In one sense, it already has. Over the past several years, Chinese domestic energy demand has been increasingly connected to two factors. The first is the accelerating acquisitiveness of an expanding middle class. The number of personal vehicles now clogging Beijing, Shanghai, Guangzhou, Nanjing, and other first-tier population centers, combined with an even faster acceleration in car ownership among those living in second and third-tier provincial centers, is one clear signal that the middle class has arrived. Increasing demand for electricity is certainly another
But the second overarching consideration may be more important. Energy demand is fundamental in the ongoing national construction craze. In this category, some of the construction (highways, power plants, transport centers, airports, railway terminals, and the like) directly results from more people in a country of 1.4 billion and counting having the wherewithal to travel and consume.
A greater component, however, is located in the energy demand resulting from the building of entire new cities, whole districts designed to allow existing urban areas to expand, and massive industrial plants that will never reach anywhere close to designed usage.
China leads the world in steel and aluminum production. Yet less of that is genuinely needed. It has the largest forges and most extensive metal working found anywhere. But much of that capacity is effectively mothballed.
The number of new apartment and condo complexes dwarfs anything found elsewhere.

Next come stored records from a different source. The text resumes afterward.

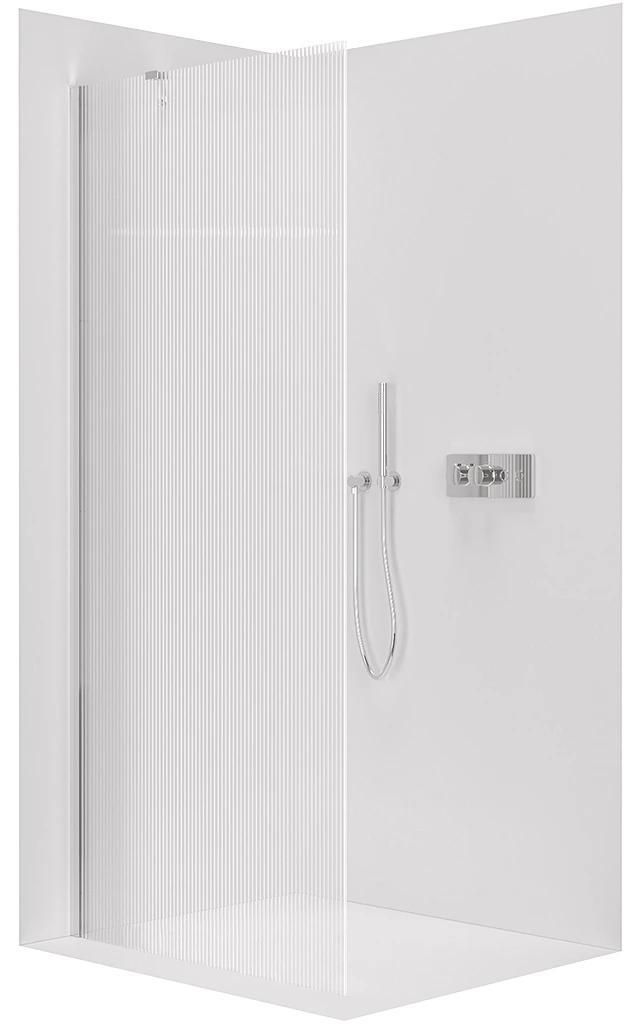 CERANO - Box doccia Walk-in Onyx Y L/P - 8 mm - cromato, Immagine del prodotto 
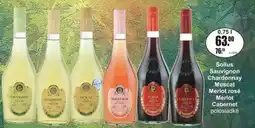 Adam Sollus Sauvignon Chardonnay Muscat Merlot rosé Merlot Cabernet polosladké nabídka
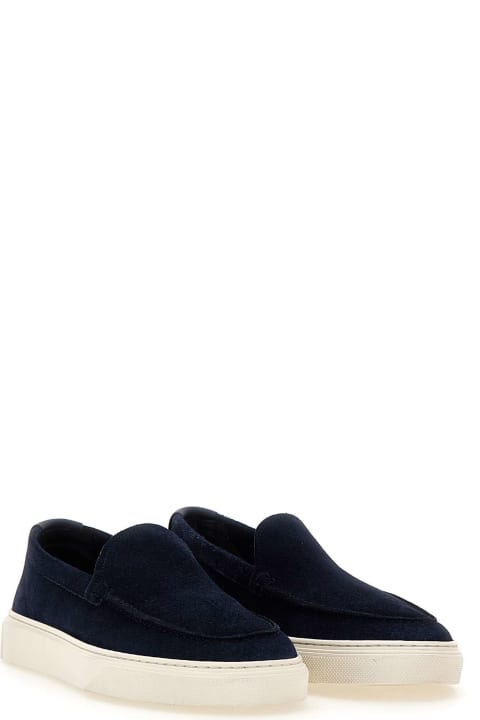 Loafers & Boat Shoes for Men Woolrich Reverse Suede Mocassins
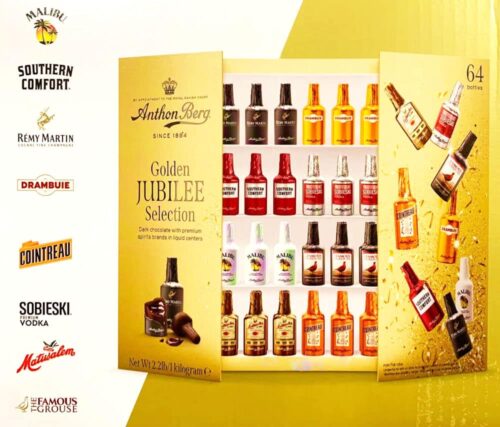 Socola Anthon Berg Dark Chocolate 64 chai Đan Mạch 10 chocolate ruou anthon berg dark chocolate 64 chai 180625 kd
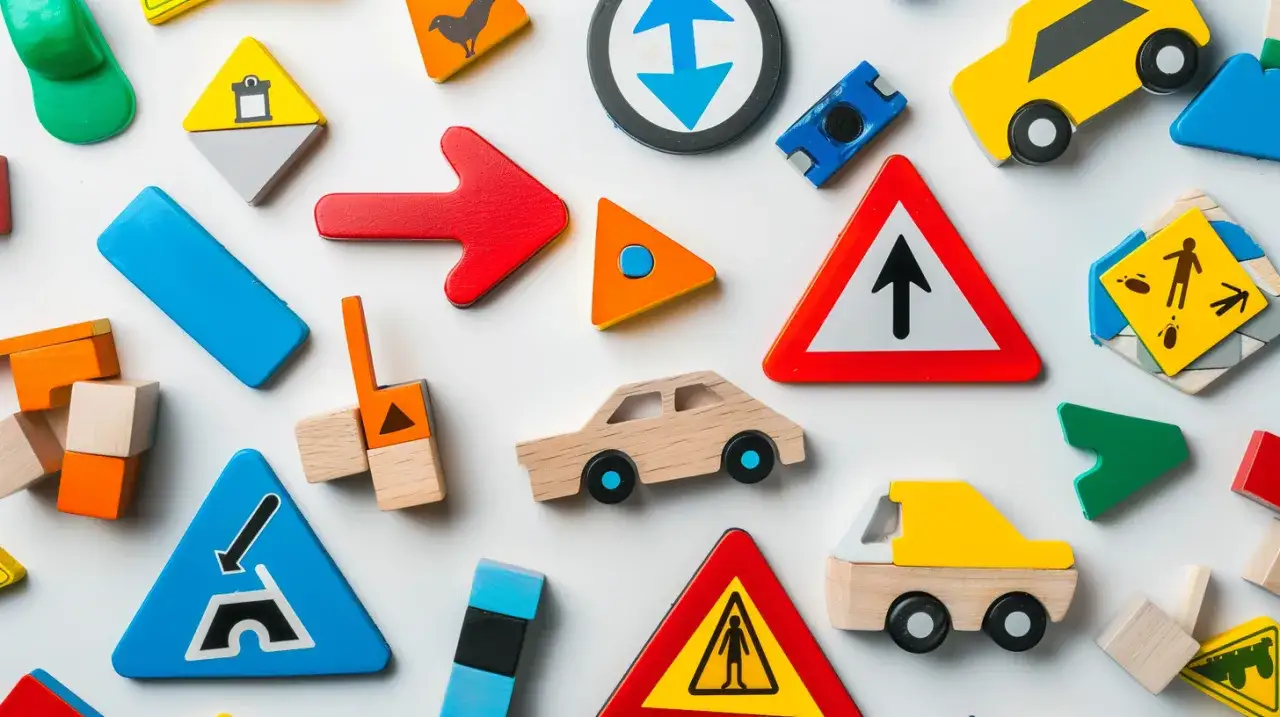 Znaki Drogowe do Druku dla Dzieci: Jakie są najważniejsze?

However, what had been portrayed as necessary to move rural populations into central locations to serve expanding factory production is now essentially over. The ever-expanding market of new housing is not intended for such internal migrants. Few in that population could afford the rising costs anyway.
The Sparkle in Your Ghost Cities
So long as the value of residential units appreciate, they remain as domestic holders of asset value, and thereby attractive examples of paper wealth for many individual Chinese.
Meanwhile, the weight of empty new cities falls on the books of local governments who then rely on the shadow banking sector to offset the cost of the huge debt incurred in the construction of urban services, facilities, and support in the absence of residents.
Contemporary China has increasingly operated in ways that seem to violate basic economic principles. Its expansion seems less a result of normal market demand and more an essential tool used to soak up excess credit.
As the continuing need for more energy becomes dependent upon this curious physical development, one must ask how long the bubble can last.
To my amazement, the answer being offered by my Chinese colleagues is not what I had expected. While most recognize that the situation appears unsustainable by traditional analysis, they point out what is fundamentally different in this case.
As one put it succinctly during an email exchange: “There are important differences when it comes to China: the extent of the territory; the size of the population; and a central government committed to expansion.”
He then added this later: “Beijing will not allow the assets accumulated by the people to evaporate. The people, in turn, know that.”
I’ll leave with this final observation. Of all the Chinese energy expert contacts with whom I have discussed this issue, most having lived or studied in the West, none believes the rising mainland Chinese energy need will be slowing anytime soon.
Notwithstanding the unusual credit and expenditure environment in which it exists.